By April 1994, however, Israeli public opinion support for Likud
leader Netanyahu clearly exceeded support for Rabin. The approval
rating for the Rabin coalition government also was sinking. In one
poll released in April the Rabin government's approval rating sank
to 41 percent, an all-time low.
Among 1,978 Palestinians surveyed in the West Bank and Gaza, 86.1
percent said they had reservations about how the PLO was handling
the talks after the Feb. 25 massacre of at least 29 Muslims at prayer
in Hebron's Ibrahimi mosque by Israeli settler Dr. Baruch Goldstein.
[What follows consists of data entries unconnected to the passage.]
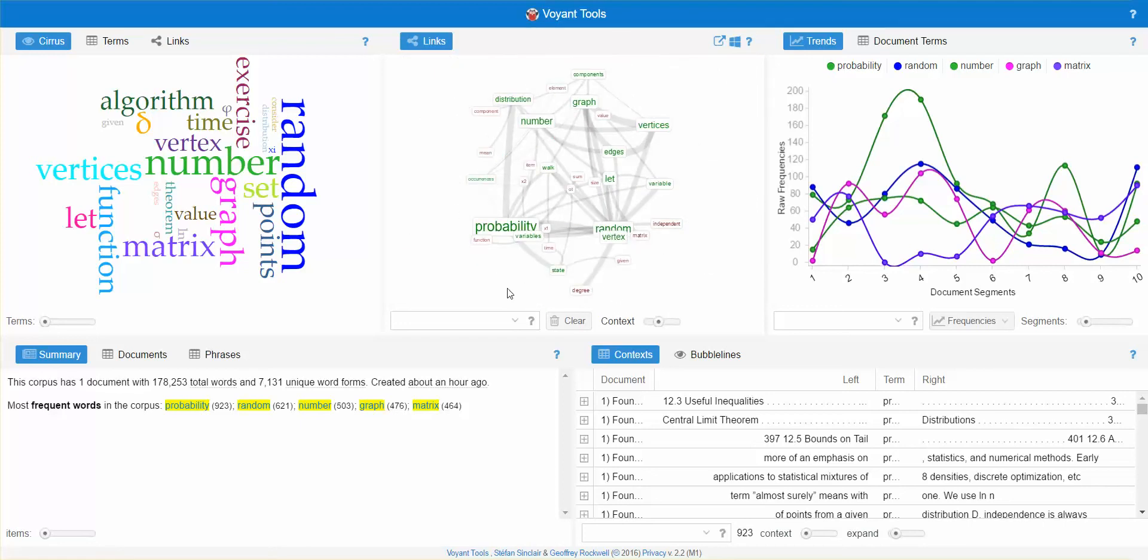I hope you enjoyed this video on creating word clouds using Voyant Tools. Thank you.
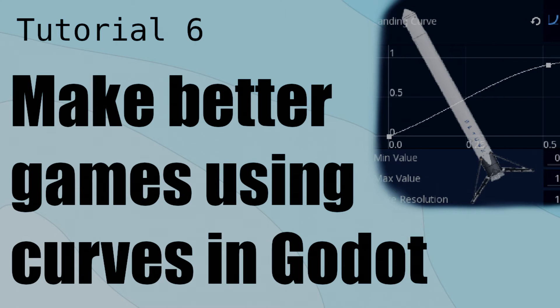Hello friends, welcome back to DaveTheDev's Game Dev Tutorials. Today I'm going to show you how to use Godot's Curve resource to improve your games, and I'll be doing that with a rocket ship.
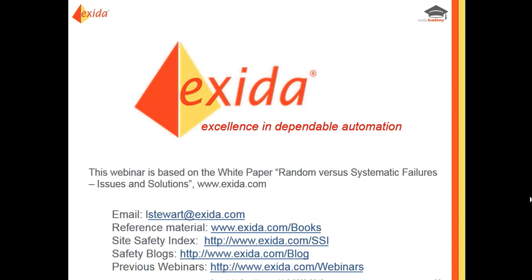All of these slides and this webinar were based on a white paper. If you want a more detailed explanation or more examples, you can go to our website and download the white paper — it is free for everyone. Please feel free to email me with any questions and I will answer them as quickly as I can.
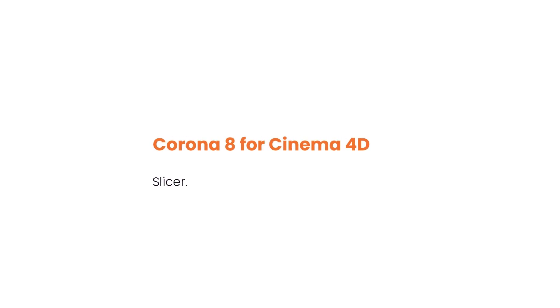Hello everybody, this is Nates from the Corona team and I'd like to welcome you to the Corona for Cinema 4D Slicer tutorial. This is what this one's all about. We're going to learn how to use the slicer material to easily and effectively cut through geometry without using those messy booleans.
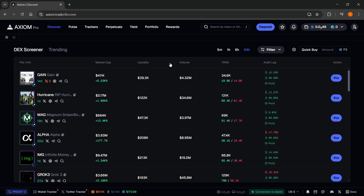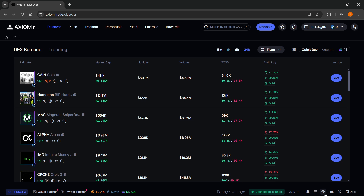If you want to change the theme on Axiom, it's quite simple. At the very bottom right over here, you can see this palette symbol. And when you hover over it, it says Customize Theme.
The Nablus based Center for Palestinian Research Studies said on
March 27 that most Palestinians reported they were flatly opposed
to the PLO's decision to continue negotiating before resolving the
issue of Jewish settlements in Hebron and throughout the occupied
territories.
The Greatest Threat to Peace
Respondents to similarly-worded poll questions in the United States,
Japan, Germany and Britain showed widely different perceptions about
current threats to world peace. In the U.S. and Britain, respondents
said the Middle East poses the greatest threat. In Germany, respondents
said the former Soviet bloc nations were the greatest threat. But
in Japan, 21 percent of respondents said Russia "poses the
greatest threat to world peace," and 22 percent said the United
States was the greatest threat.
More than 1,000 people were surveyed in each of the four countries
by The New York Times, Asahi Shimbun, Der Spiegel, and the Guardian.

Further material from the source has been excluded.